RP Sr has yet another post The Relevance of Nonlinear Effects In the Climate System pushing the usual stuff: Thus if we accept that small perturbations can result in significant changes in the climate system through nonlinear interactions, then all of the human- and natural climate forcings need to be assessed in this context. I would sigh and move on (I did, earlier today) but now I feel moved to find an old post of mine: Climate is stable in the absence of external perturbation. See, its so old its on the old blog…
Anyway, the point is that people vastly overplay the importance of this non-linear / chaos stuff, because you can get exciting words like “tipping point” out of it, and it plays well in the press. Where would we be without the possibility of “climate surprises”, after all. There is a good RC post on this.

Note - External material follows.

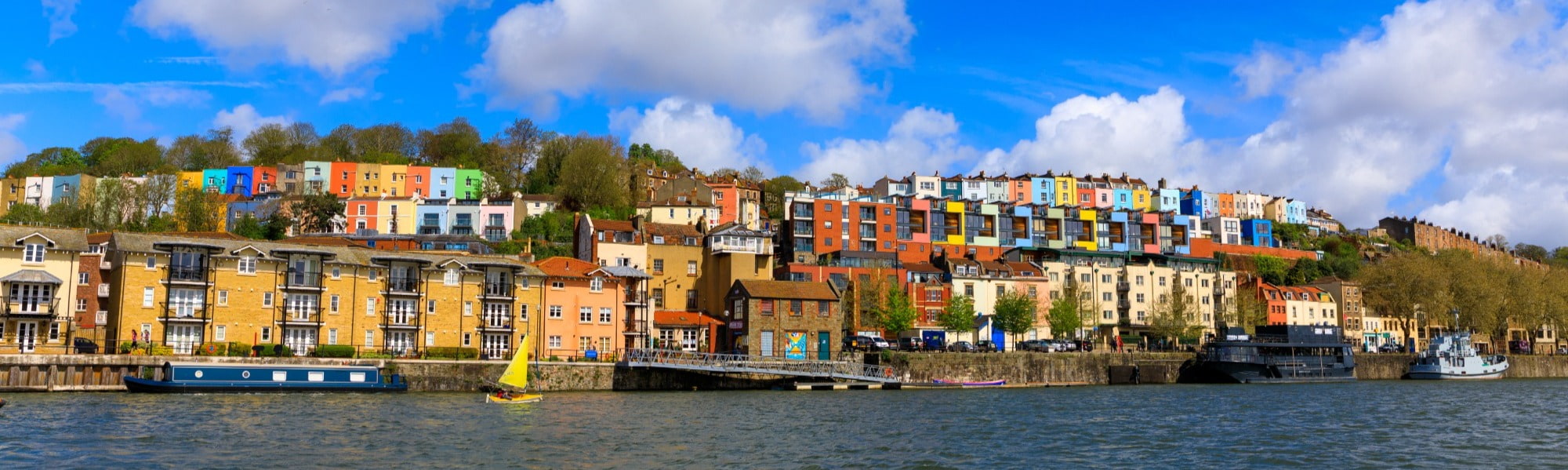 Veterinary Jobs in Bristol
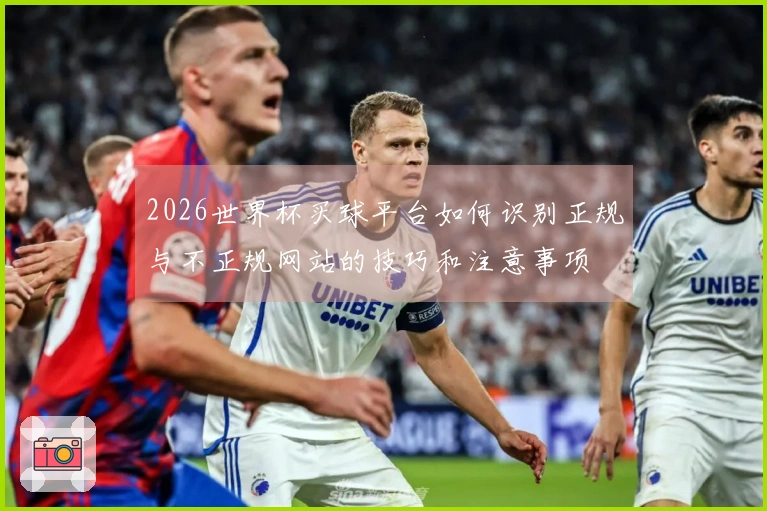 2026世界杯买球平台如何识别正规与不正规网站的技巧和注意事项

Yes, the weather is definitely chaotic. And yes the climate is in principle non-linear. But in many important aspects this all averages out into linearity; and there is no good evidence for important “tipping points” *in climates close to the present*. RP quotes Tas saying once the Greenland ice sheet collapse passes a certain point, it is unlikely to regrow in the current regime. Which is true. But not very interesting. The timescale for Greenland melt is so long that we (now) don’t need to care a great deal about it reforming, since GHG’s are going to be high enought to prevent that for rather a long time. And also, this isn’t a “small perturbation”: its a big one. Where is the evidence that small perturbations lead to large climate changes on a global scale? Holocene global climate appears to be quite stable and reacts linearly to forcing.